#PySpark – Convert array column to a String

---

**In this PySpark article, I will explain how to convert an array of String column on DataFrame to a String column (separated or concatenated with a comma, space, or any delimiter character) using PySpark function concat_ws() (translates to concat with separator), and with SQL expression using Scala example.**

**When curating data on DataFrame we may want to convert the Dataframe with complex struct datatypes, arrays and maps to a flat structure. here we will see how to convert array type to string type.**

**Before we start, first let’s create a DataFrame with array of string column.**

In [0]:
columns = ["name","languagesAtSchool","currentState"]

data = [("James,,Smith",["Java","Scala","C++"],"CA"), \
    ("Michael,Rose,",["Spark","Java","C++"],"NJ"), \
    ("Robert,,Williams",["CSharp","VB"],"NV")]

df = spark.createDataFrame(data=data, schema=columns)
df.printSchema()
df.show(truncate=False)

root
 |-- name: string (nullable = true)
 |-- languagesAtSchool: array (nullable = true)
 |    |-- element: string (containsNull = true)
 |-- currentState: string (nullable = true)

+----------------+------------------+------------+
|name            |languagesAtSchool |currentState|
+----------------+------------------+------------+
|James,,Smith    |[Java, Scala, C++]|CA          |
|Michael,Rose,   |[Spark, Java, C++]|NJ          |
|Robert,,Williams|[CSharp, VB]      |NV          |
+----------------+------------------+------------+



**In this example “languagesAtSchool” is a column of type array. In the next section, we will convert this to a String. This example yields below schema and DataFrame.**

---

##Convert an array of String to String column using concat_ws()


**In order to convert array to a string, PySpark SQL provides a built-in function concat_ws() which takes delimiter of your choice as a first argument and array column (type Column) as the second argument.**


---


##Syntax

##concat_ws(sep, *cols)

---


###Usage

**In order to use concat_ws() function, you need to import it using pyspark.sql.functions.concat_ws . Since this function takes the Column type as a second argument, you need to use col().**

In [0]:
from pyspark.sql.functions import col, concat_ws

In [0]:
df2 = df.withColumn("languagesAtSchool", concat_ws(",", col("languagesAtSchool")))

df2.printSchema()
df2.show(truncate=False)

root
 |-- name: string (nullable = true)
 |-- languagesAtSchool: string (nullable = false)
 |-- currentState: string (nullable = true)

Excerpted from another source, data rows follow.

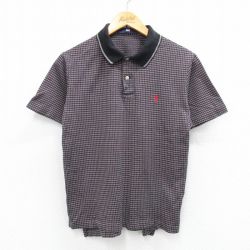 古着 ラルフローレン Ralph Lauren ポロスポーツ 半袖 ポロ シャツ キッズ ボーイズ 子供服 ワンポイントロゴ グレー他 チェック 25sep03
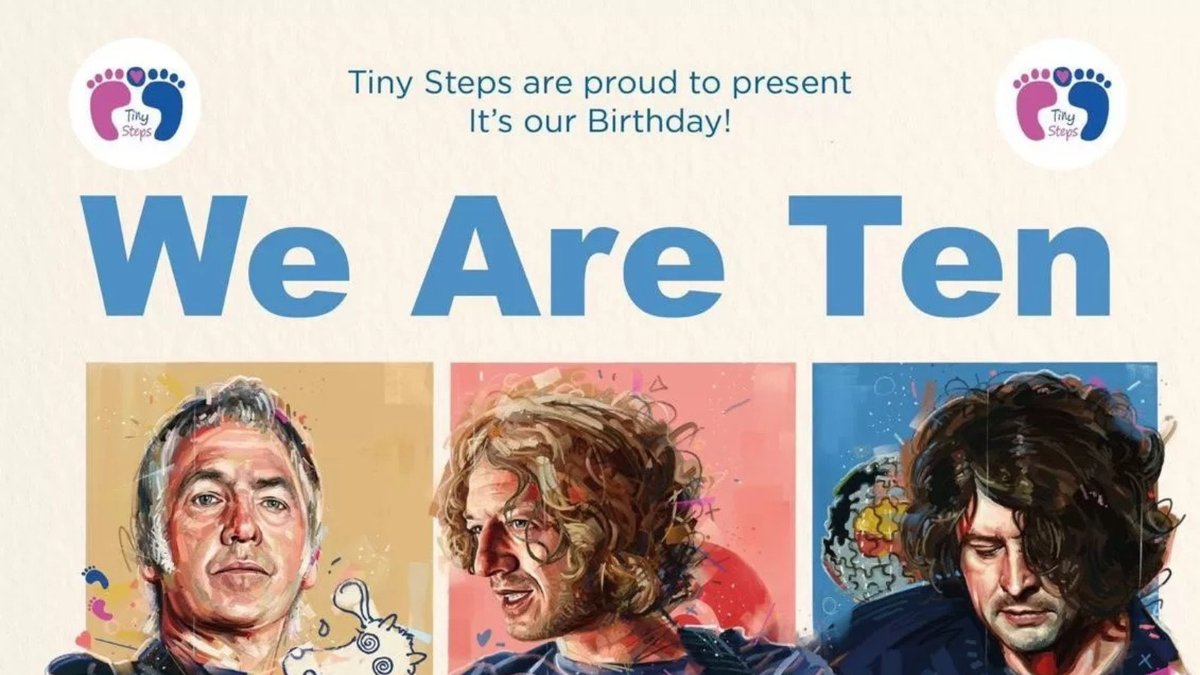 Celebrate Tiny Steps' 10th Birthday next weekend on Saturday 21st at Northwich Plaza  🎈

With a fantastic lineup, including John Power, former La's and CAST front man and Chris Helme will be playing songs from the iconic Seahorses 🎤

Get tickets now: visitnorthwich.co.uk/whatson/we-are…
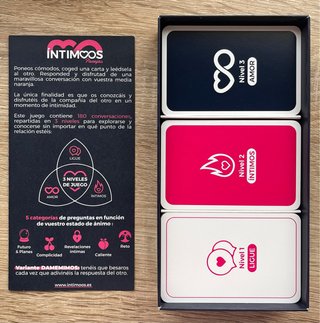 Juego de cartas Íntimos Parejas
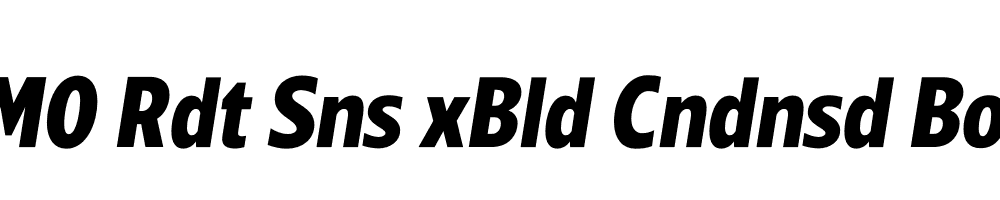 FSP DEMO Rdt Sns xBld Cndnsd Bold Italic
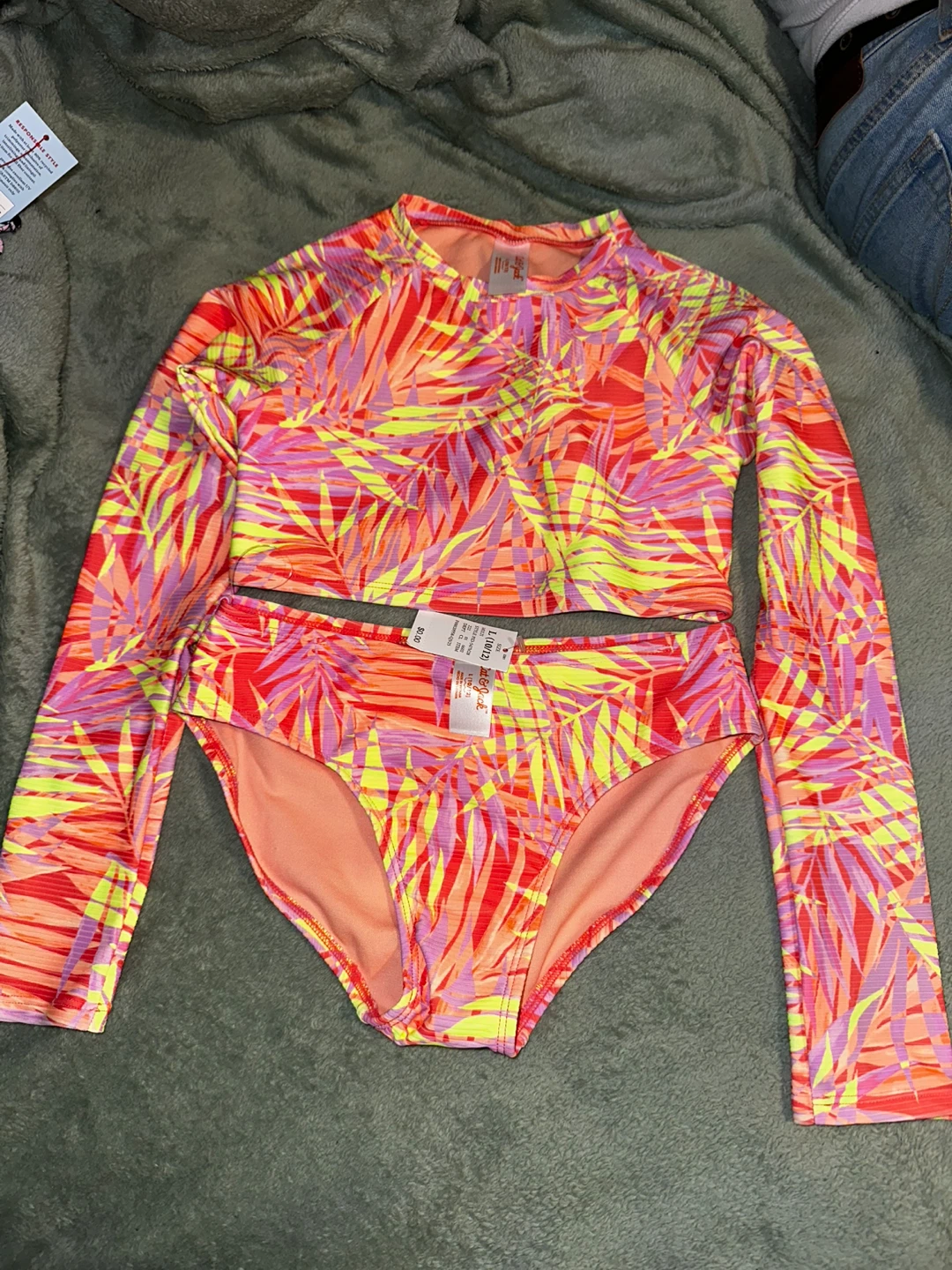 Girls' Rash Guard Swimsuit and Bikini Bottoms - photo 4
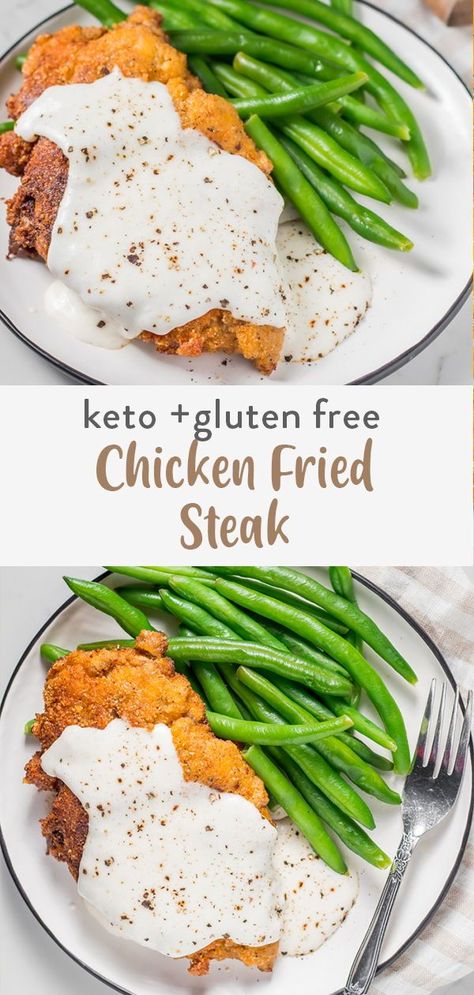 Gluten Free Steak Fingers, Paleo Chicken Fried Steak, Gf Chicken Fried Steak, Gluten Free Beef Recipes For Dinner, Keto Steak Sides, Gluten Free Cube Steak Recipes, Keto Breading For Frying, Gluten Free Chicken Fried Chicken, Gluten Free Country Fried Steak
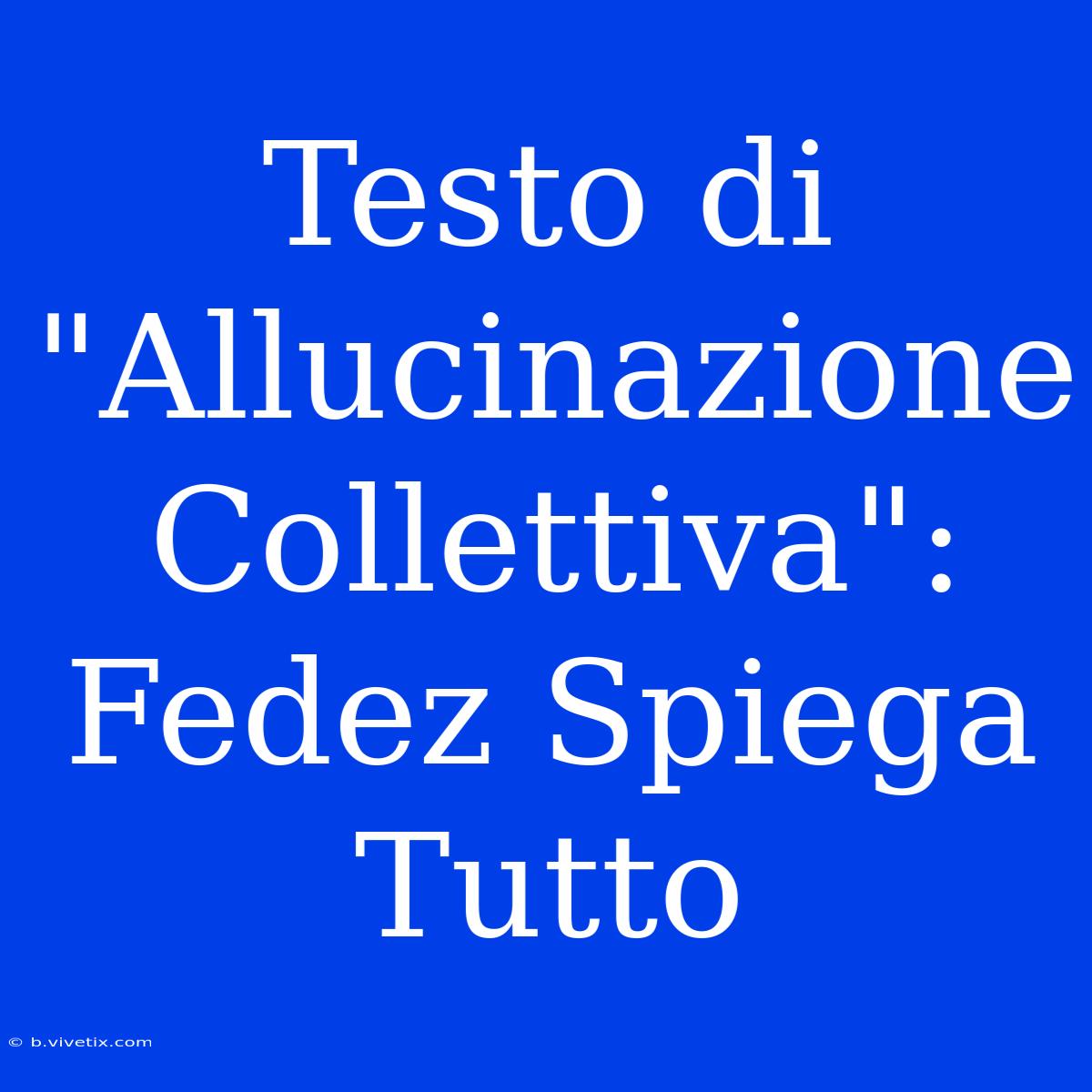 Testo Di 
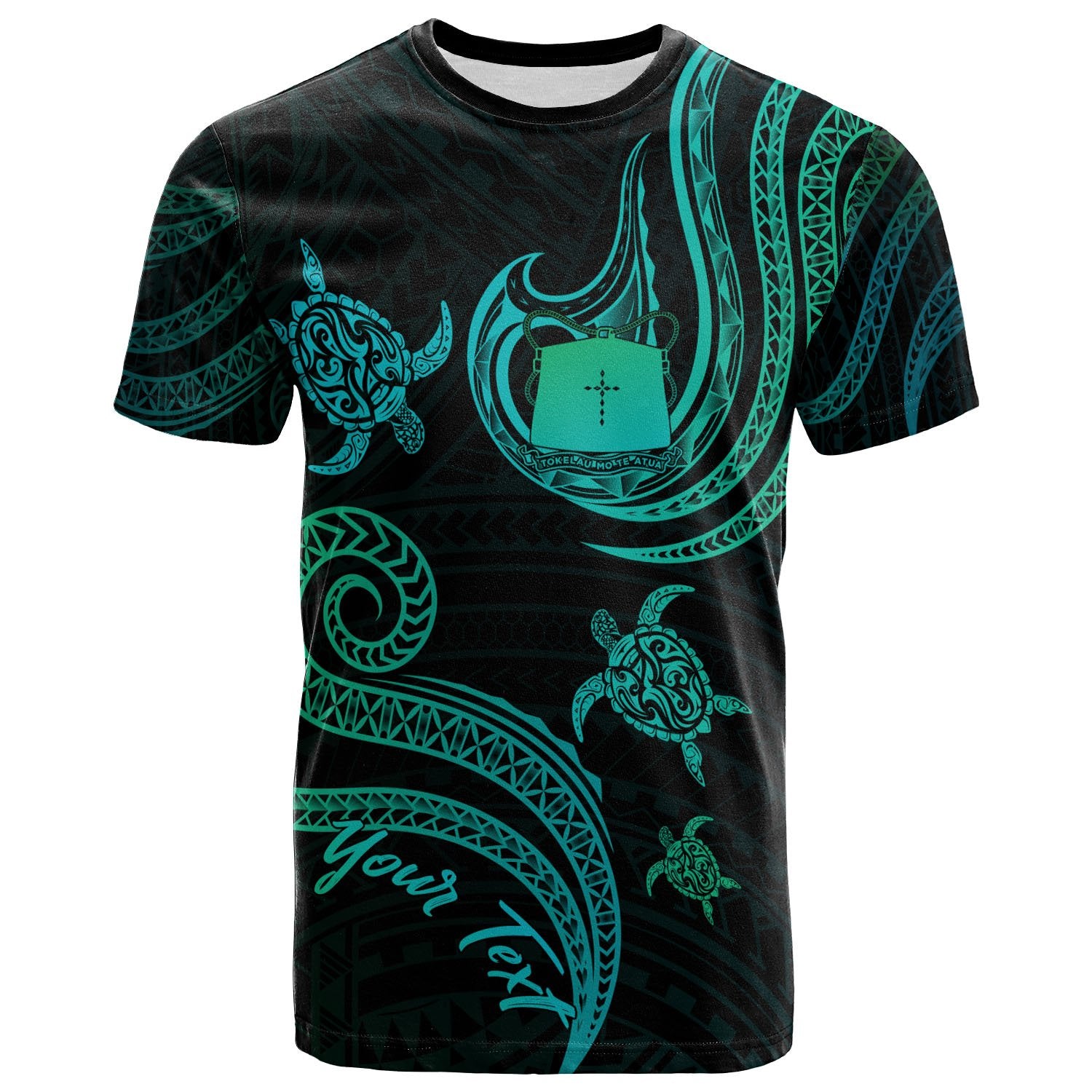 Tokelau Custom T Shirt Polynesian Turtle With Pattern Unisex Art - Polynesian Pride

+----------------+-----------------+------------+
|name            |languagesAtSchool|currentState|
+----------------+-----------------+------------+
|James,,Smith    |Java,Scala,C++   |CA          |
|Michael,Rose,   |Spark,Java,C++   |NJ          |
|Robert,,Williams|CSharp,VB        |NV          |
+----------------+-----------------+------------+



##Using PySpark SQL expression


**You can also use concat_ws() function with SQL expression.**

In [0]:
df.createOrReplaceTempView("ARRAY_STRING")
spark.sql(" select name, concat_ws(',', languagesAtSchool) as languagesAtSchool, "+\
         "currentState from ARRAY_STRING")\
.show(truncate=False)

+----------------+-----------------+------------+
|name            |languagesAtSchool|currentState|
+----------------+-----------------+------------+
|James,,Smith    |Java,Scala,C++   |CA          |
|Michael,Rose,   |Spark,Java,C++   |NJ          |
|Robert,,Williams|CSharp,VB        |NV          |
+----------------+-----------------+------------+